START Exercise materials

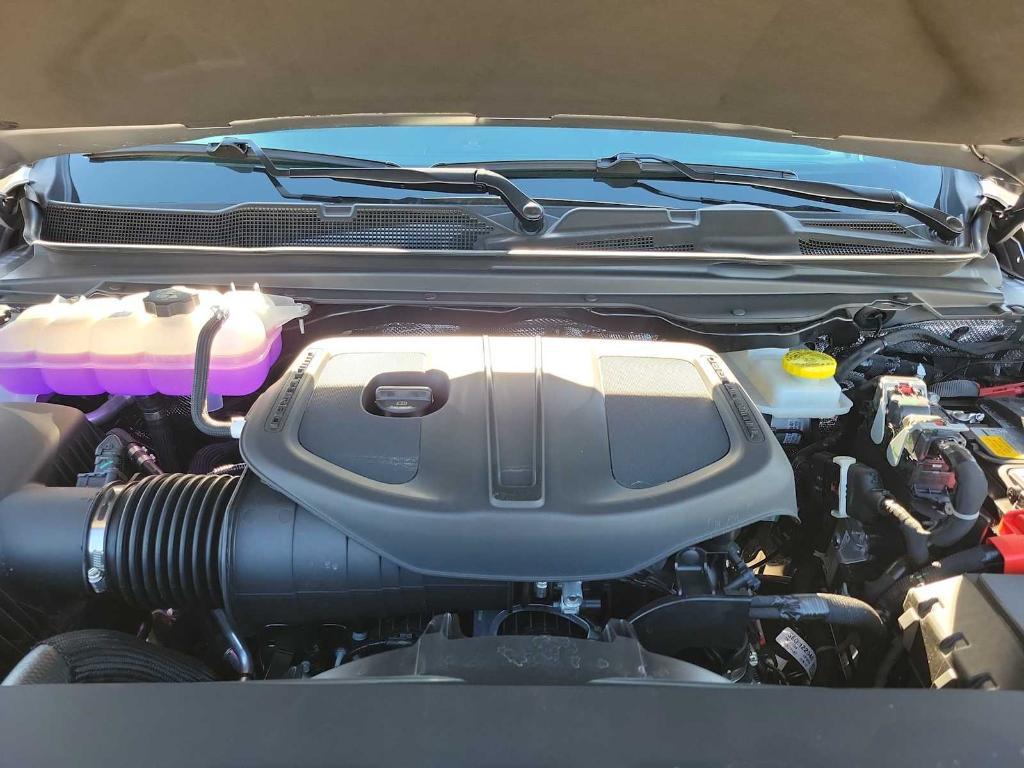 new 2026 Ram 1500 car, priced at $52,295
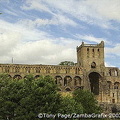 Scottish Border Region (2277 visits) Being close to the English border, the Abbey was frequently attacked Scottish Border Region
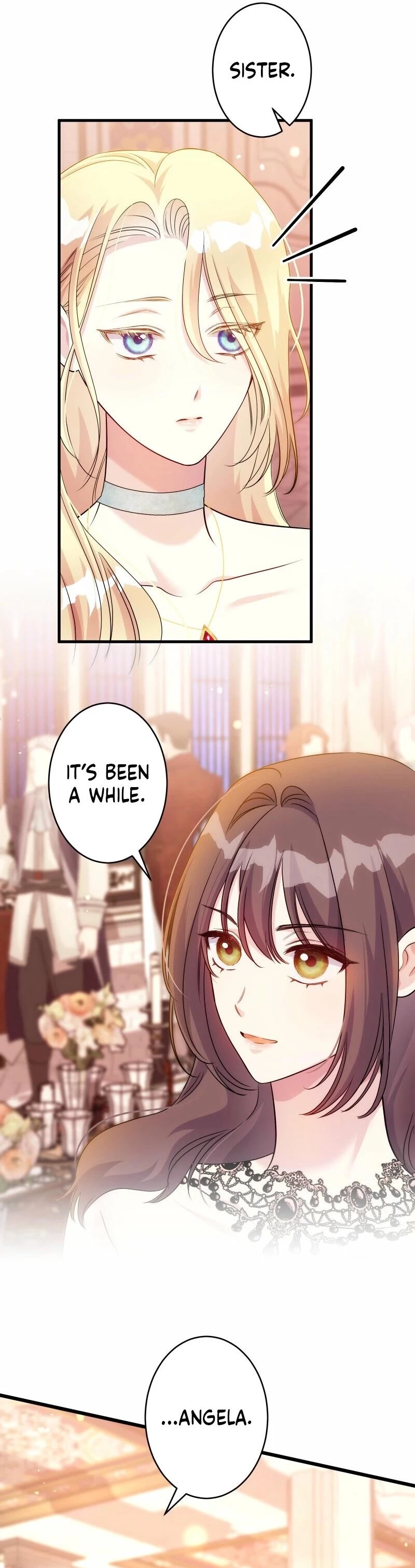 A Sweet Bond with the Vampire Duke Chapter 23 - page 30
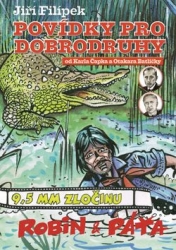 Filípek, Jiří - Povídky pro dobrodruhy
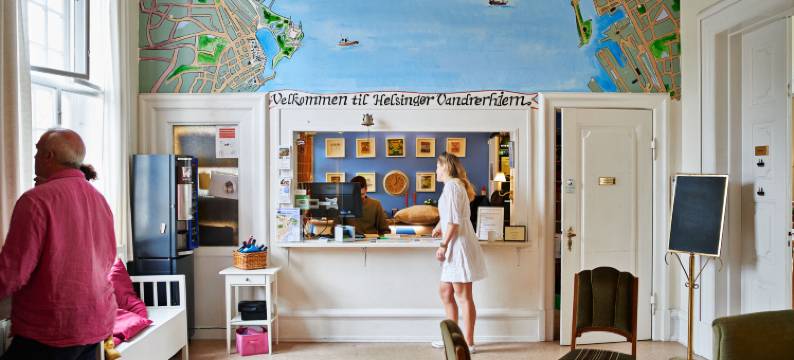 赫尔辛格单旅馆(Danhostel Helsingør)图片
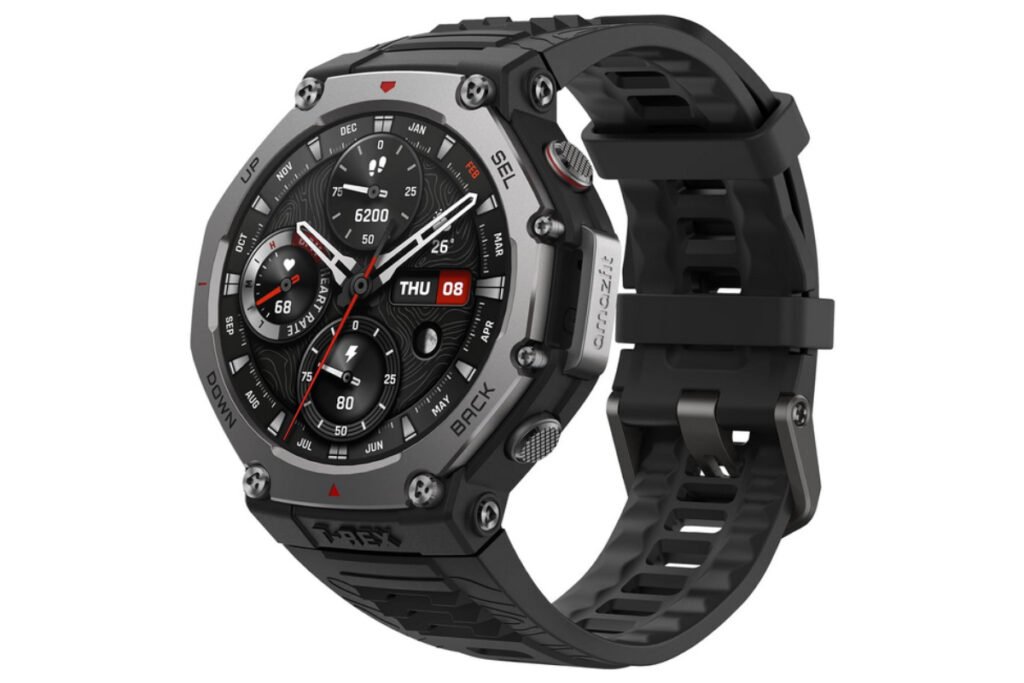 Amazfit T-Rex 3: el smartwatch resistente más vendido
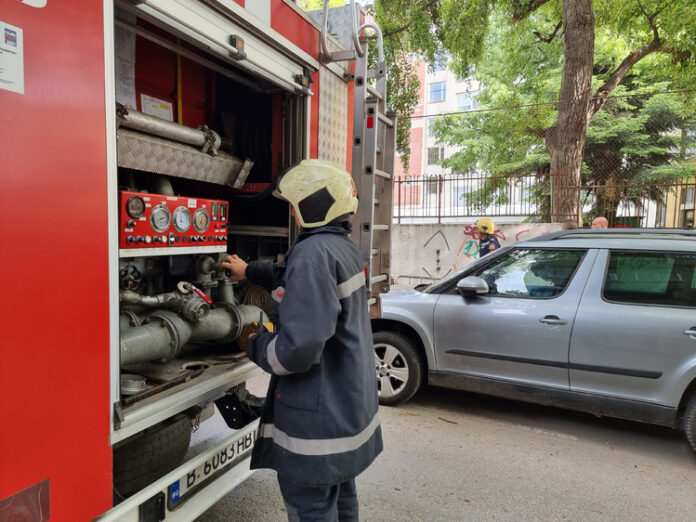 Жена на 64 години е загинала при пожар в благоевградското село Елешница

END Exercise materials

What the task requires>
Full copy, no pictures: write out each line of the data exactly as it stands.

Written answer>
 new 2026 Ram 1500 car, priced at $52,295
 Scottish Border Region (2277 visits) Being close to the English border, the Abbey was frequently attacked Scottish Border Region
 A Sweet Bond with the Vampire Duke Chapter 23 - page 30
 Filípek, Jiří - Povídky pro dobrodruhy
 赫尔辛格单旅馆(Danhostel Helsingør)图片
 Amazfit T-Rex 3: el smartwatch resistente más vendido
 Жена на 64 години е загинала при пожар в благоевградското село Елешница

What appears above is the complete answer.